3. Asian women seem to be perceived as more attractive than women from other races, when looking at stats from dating platforms. This might have other reasons than looks, e.g. only rich Asians emigrating, but it seems probable that looks play a role. Their face is easier to interpret and more child-like.
4. In animation, people draw simplistic shapes mainly because it's easier to interpret and not because it's easier to draw. We started out with real life humans, got weird with Bambi, went over to Japan and arrived at something that's barely human. The animation got this simplistic, because these are the types of faces parts of our brain really want to see. Disney does this to maximize profits, knowing more people would want to watch a film if heads are replaces with balls which have eyes painted on.
Especially female faces likely mostly evolved to please the parameters of our brains throughout the later stages of our evolution. Therefore faces can only look as if they were healthy up to a certain point anyways. More complex faces might have the disadvantage that they'd be confused with background noise, predators or in some cases even corpses. We should take the best of what's natural and the best of what's apparently pleasing to the human brain and work with that.
The square jawed round face:
- As a rule of thumb, a round face will look clearly attractive, even without hair surrounding it, since our visual cortex will recognize it instantly without having the additional information of what gender, what status and what rough age a person is expected to be.

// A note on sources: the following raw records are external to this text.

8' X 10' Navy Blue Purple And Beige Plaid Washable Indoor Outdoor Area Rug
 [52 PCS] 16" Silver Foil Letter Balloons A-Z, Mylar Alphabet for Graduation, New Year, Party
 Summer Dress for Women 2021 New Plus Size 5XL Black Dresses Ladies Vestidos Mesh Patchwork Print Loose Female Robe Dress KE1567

- A round face isn't round because it has a round shape from a certain angle. The word 'round' rather describes the aggregate of all attributes of a face as somewhat round-ish, rather than e.g. hollow, bulky, pointy or flat. If you look at the face from a different angle, it still looks like the same entity, the same way a sphere looks the same from every angle. It is coherent.
- The word 'round' also describes that the necessary edges, like nose, lower jaw, chin and cheekbones, don't disrupt the balance of the face in any way. Healthy skin should have enough volume to dampen the clear lines which mere bones can draw onto a face. If it does not, it seems the bones are either too big for the face or the skin contains too little fat and water.

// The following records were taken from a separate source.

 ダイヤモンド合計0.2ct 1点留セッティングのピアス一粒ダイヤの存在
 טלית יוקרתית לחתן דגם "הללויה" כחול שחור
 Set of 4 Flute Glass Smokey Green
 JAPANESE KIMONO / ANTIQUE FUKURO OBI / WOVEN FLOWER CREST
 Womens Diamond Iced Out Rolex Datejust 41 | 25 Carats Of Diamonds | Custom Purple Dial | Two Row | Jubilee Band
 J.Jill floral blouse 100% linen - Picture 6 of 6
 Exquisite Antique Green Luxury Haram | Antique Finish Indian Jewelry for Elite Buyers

- The front half of the lower jaw is at an angle almost horizontal to the ground and almost vertical to the neck.
- The lower jaw is shaped in one single line from the end of the ramus to the chin.

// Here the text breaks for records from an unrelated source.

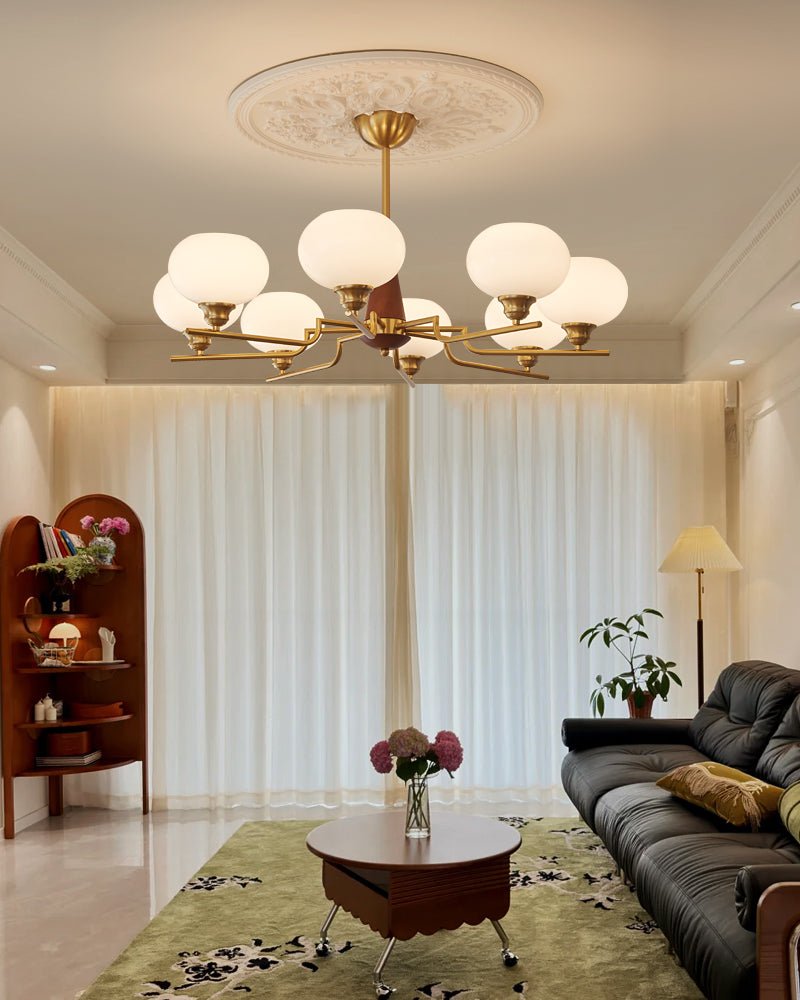 Celeste Sphere Walnut Chandelier - Lamp Outdoor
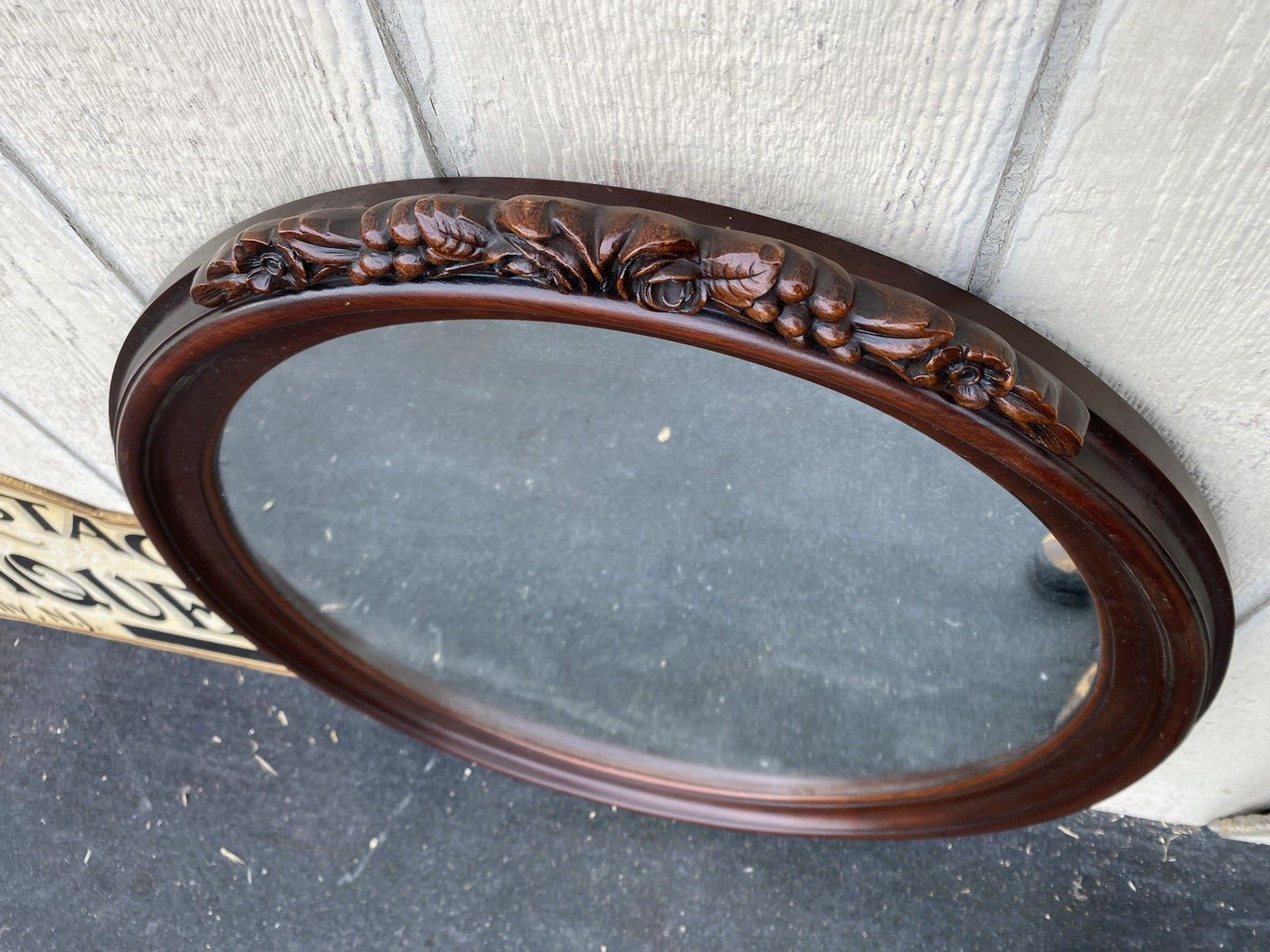 65177 Solid Mahogany Hand Made Oval Mirror
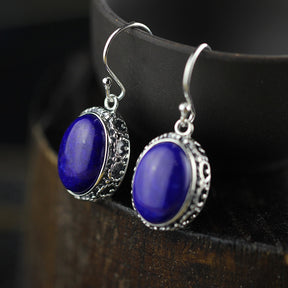 Brincos Femininos Prata 925 Esplendor Celeste Lapis Lazuli - Zalupe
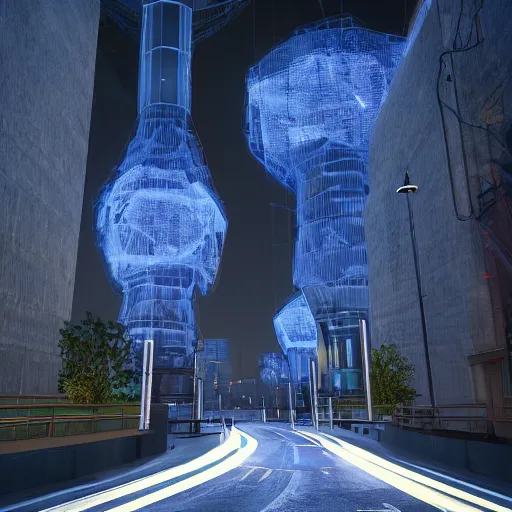 Image similar to a road leading to a huge tower of lights, trending on artststion. hyperdetailed, hyperrealistic, 4 k, unreal engine, night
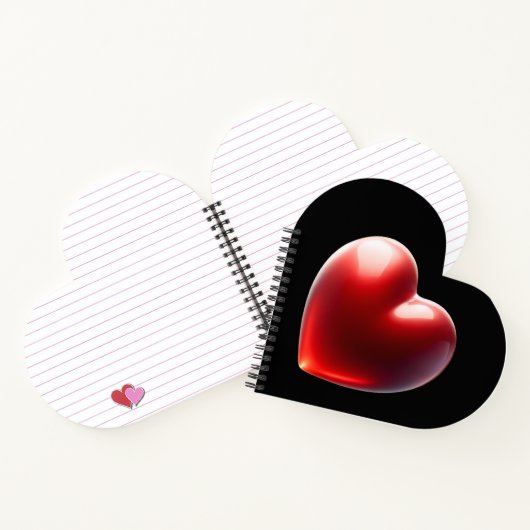 Red Heart Shaped Notebook Notizblock (Innenseite)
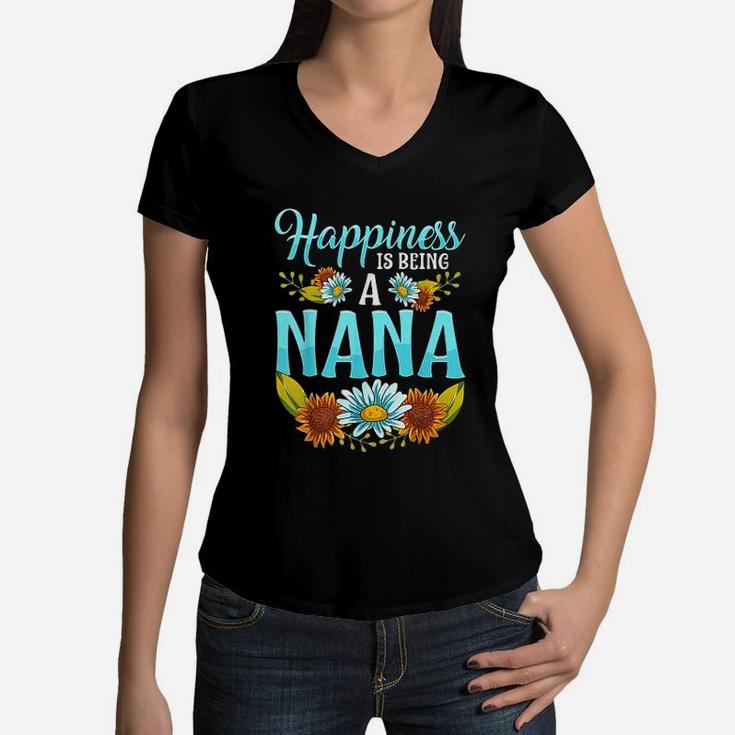 Happiness Is Being A Nana Cute Floral Mothers Day Women V-Neck T-Shirt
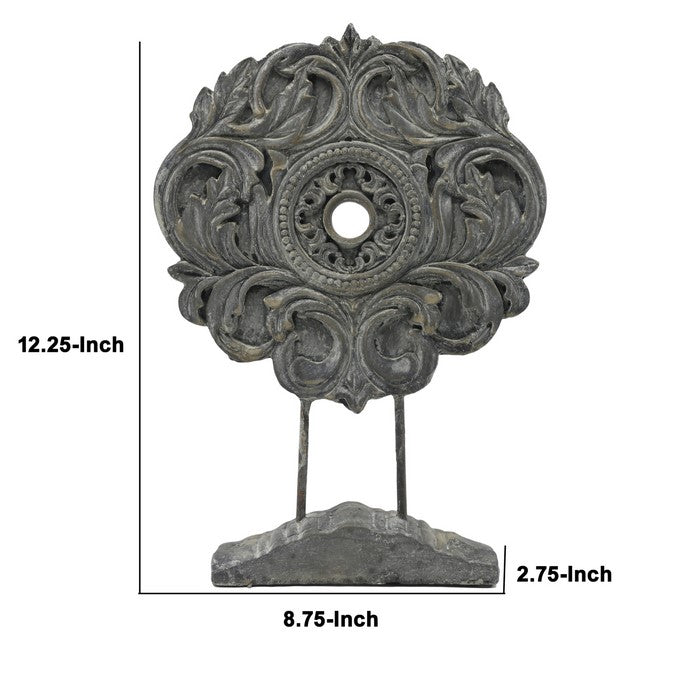 Decorative Cement Medallion with Metal Support and Base, Gray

- The jaw seems wide, meaning there must be a rather short distance between eyes and mouth and/or the eyes must be placed rather widely apart.
- From front and side view, the ramus is almost vertical to the ground.
- There should be little to no folds from the nose to the edges of the mouth, when the mouth is closed and relaxed. When the person smiles baring their upper teeth, one should see only a slight shadow on both sides of the upper jaw alongside the molars.
- Both upper and lower jaw should be visible through the skin, which is achieved through facial muscles, well distributed fascia, low body fat percentage and healthy bone mass.
- The lower jaw should have grown together completely.
- The eyelids should only barely be visible.
- Many faces which are narrow could have been much wider, if the woman had grown up more healthily. There are genetics which make faces grow rather narrow, but since it might be hard to know if somebody grew up healthily or not, it's easier to just ignore all narrow faces. This means very healthy women are getting excluded from consideration for unnatural standards nobody has any control over. That's ok.
- A round face cannot have underwent any plastic surgery or major jaw surgery.
- A round face should be rated without makeup, if possible.
If anybody finds any square jawed, round faced women, feel free to post them here. Not sure, though, if it's possible to outshine the common genetic freak, anorexic-type of square jaw this way.